**What the task requires:** Below is a listing; restate from it, character for character, the lines beginning at the line holding "ويوم يناديهم فيقول" and ending at the line holding "ECSTASY Балабаново", both included.

**Data provided:**
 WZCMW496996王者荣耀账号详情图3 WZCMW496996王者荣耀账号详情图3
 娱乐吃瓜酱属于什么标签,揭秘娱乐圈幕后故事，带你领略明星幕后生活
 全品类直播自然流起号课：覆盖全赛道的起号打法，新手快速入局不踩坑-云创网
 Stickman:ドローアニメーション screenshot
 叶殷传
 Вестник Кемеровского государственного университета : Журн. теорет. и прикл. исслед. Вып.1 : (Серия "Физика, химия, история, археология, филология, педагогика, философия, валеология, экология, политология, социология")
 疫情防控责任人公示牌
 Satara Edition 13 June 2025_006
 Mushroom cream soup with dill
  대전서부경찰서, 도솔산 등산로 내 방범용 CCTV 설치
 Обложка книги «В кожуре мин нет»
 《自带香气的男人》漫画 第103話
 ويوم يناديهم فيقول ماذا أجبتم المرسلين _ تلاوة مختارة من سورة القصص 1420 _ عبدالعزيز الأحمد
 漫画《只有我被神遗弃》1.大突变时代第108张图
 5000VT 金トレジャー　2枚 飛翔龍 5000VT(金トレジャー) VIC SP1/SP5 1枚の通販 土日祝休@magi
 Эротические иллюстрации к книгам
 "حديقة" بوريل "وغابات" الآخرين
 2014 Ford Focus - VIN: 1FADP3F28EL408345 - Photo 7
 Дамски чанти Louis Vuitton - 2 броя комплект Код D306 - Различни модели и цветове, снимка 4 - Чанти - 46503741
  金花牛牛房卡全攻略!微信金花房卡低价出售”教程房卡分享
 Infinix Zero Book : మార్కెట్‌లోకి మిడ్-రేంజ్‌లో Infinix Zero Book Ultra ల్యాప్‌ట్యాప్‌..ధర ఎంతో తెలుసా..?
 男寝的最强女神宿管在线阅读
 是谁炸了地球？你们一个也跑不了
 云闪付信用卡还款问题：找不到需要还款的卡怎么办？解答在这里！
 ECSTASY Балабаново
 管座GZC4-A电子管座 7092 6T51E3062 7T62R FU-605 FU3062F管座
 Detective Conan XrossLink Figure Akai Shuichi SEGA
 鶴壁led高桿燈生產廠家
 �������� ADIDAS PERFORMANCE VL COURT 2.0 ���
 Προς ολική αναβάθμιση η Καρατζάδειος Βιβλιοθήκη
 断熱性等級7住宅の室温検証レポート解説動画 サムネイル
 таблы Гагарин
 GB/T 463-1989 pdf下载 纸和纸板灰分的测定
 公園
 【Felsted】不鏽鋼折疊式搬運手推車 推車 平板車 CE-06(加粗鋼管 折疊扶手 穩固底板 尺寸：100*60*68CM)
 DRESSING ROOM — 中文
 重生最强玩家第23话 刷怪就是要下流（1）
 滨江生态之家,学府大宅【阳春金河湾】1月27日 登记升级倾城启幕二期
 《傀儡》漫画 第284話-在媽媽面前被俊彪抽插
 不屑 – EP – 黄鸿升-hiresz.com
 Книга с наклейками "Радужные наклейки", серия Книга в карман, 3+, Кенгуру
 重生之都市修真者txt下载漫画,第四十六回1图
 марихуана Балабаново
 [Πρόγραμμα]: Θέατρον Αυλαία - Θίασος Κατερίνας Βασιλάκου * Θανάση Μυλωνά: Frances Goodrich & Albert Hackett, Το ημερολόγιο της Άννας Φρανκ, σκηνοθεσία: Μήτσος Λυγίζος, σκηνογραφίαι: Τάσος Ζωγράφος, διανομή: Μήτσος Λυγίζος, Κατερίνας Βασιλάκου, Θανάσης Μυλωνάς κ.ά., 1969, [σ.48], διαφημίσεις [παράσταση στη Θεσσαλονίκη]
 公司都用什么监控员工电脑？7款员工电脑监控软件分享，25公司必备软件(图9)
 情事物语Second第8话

**Response area:**
 ويوم يناديهم فيقول ماذا أجبتم المرسلين _ تلاوة مختارة من سورة القصص 1420 _ عبدالعزيز الأحمد
 漫画《只有我被神遗弃》1.大突变时代第108张图
 5000VT 金トレジャー　2枚 飛翔龍 5000VT(金トレジャー) VIC SP1/SP5 1枚の通販 土日祝休@magi
 Эротические иллюстрации к книгам
 "حديقة" بوريل "وغابات" الآخرين
 2014 Ford Focus - VIN: 1FADP3F28EL408345 - Photo 7
 Дамски чанти Louis Vuitton - 2 броя комплект Код D306 - Различни модели и цветове, снимка 4 - Чанти - 46503741
  金花牛牛房卡全攻略!微信金花房卡低价出售”教程房卡分享
 Infinix Zero Book : మార్కెట్‌లోకి మిడ్-రేంజ్‌లో Infinix Zero Book Ultra ల్యాప్‌ట్యాప్‌..ధర ఎంతో తెలుసా..?
 男寝的最强女神宿管在线阅读
 是谁炸了地球？你们一个也跑不了
 云闪付信用卡还款问题：找不到需要还款的卡怎么办？解答在这里！
 ECSTASY Балабаново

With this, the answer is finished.